Alistair had gotten a Soul affinity unlocked two days after Liliana gained [Telepathy], hoping to get the Psyche affinity so he could get the skill one day, too.

“Yea,” Alistair responded vocally, and Liliana nodded. She had expected as much.

“We’ll play a game, then.” Liliana said with a smile at Flint, whose mouth broke out into a wide grin before he whooped and took off down the hallway, presumably to gather the others.

“I’m so, so proud of you, Lili.” Alistair whispered as he tied off her braid.

He wasn’t all that good at braiding, but he had been watching Clover. Liliana thought it was his way of taking care of her. His mothering had only increased since she revealed the events with the pendant, never leaving her alone. She didn’t mind it most of the time. Liliana found a great deal of comfort in physical touch after being starved of it for so many years from anyone but Astrid.

She knew, too, it was because Alistair felt helpless to help her in any other way. He couldn’t fight this enemy. They both had to trust that to Silas, who had been meeting with the capital guards constantly as they searched for the man who had attacked Liliana.

So Alistair did everything he could to help Liliana how he could. By staying with her, by offering her comfort, a shoulder to cry on, hands to grasp when the nightmares she still had, even if they were decreased, woke her up. By ensuring that she ate, that she took care of herself and when she couldn’t, he would do it for her.

He was at times a brother, and at other times something closer to a parent. Liliana hoped soon he would resume being just a brother when she healed enough that she didn’t need him to be a parent.

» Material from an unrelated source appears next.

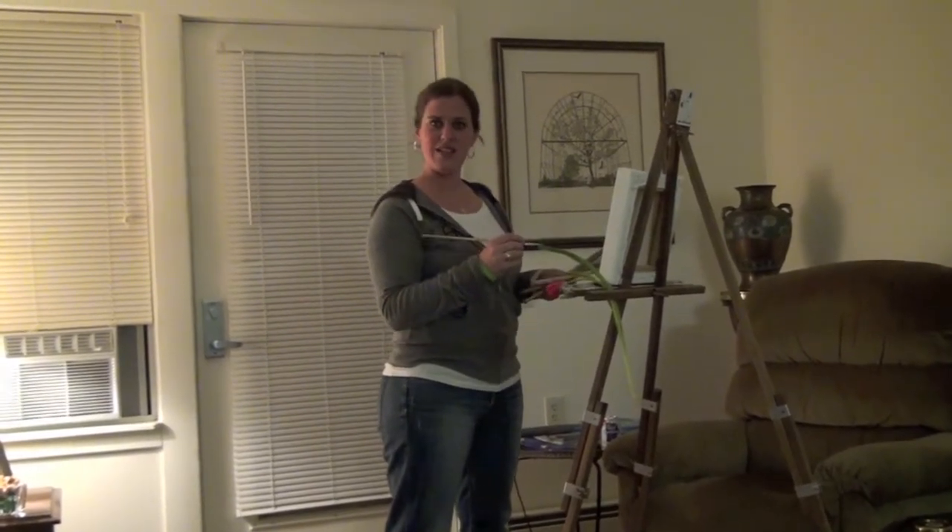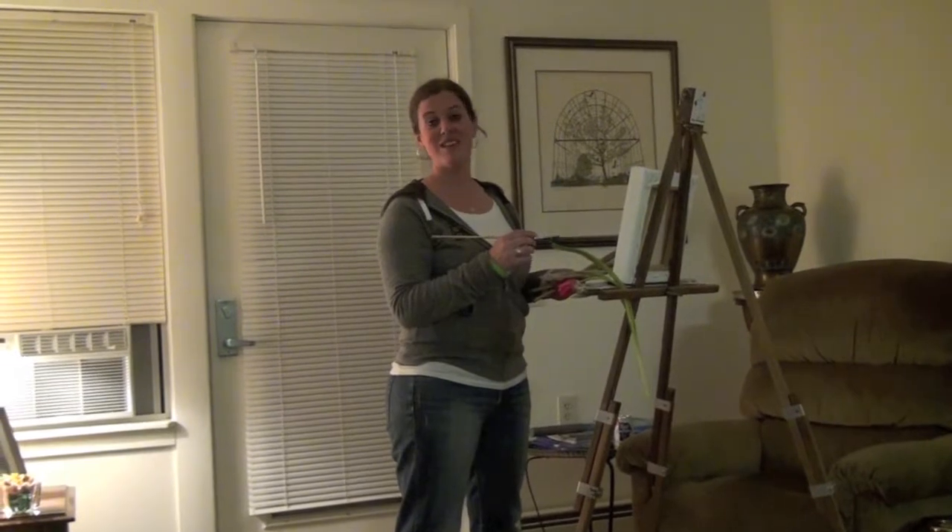I'm internationally recognized artist MC Lamar and you're watching Weird Lift of the Week.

“Thank you,” Liliana said as she fingered the braid, shooting her brother a grateful smile before they both followed Flint.

Liliana let herself enjoy the game night. Liliana let herself be happy, to smile, and laugh, and joke with the people she held most dear to her heart. And even if she wasn’t healed yet, she thought she was closer to being whole and healthy than she had ever been in either life.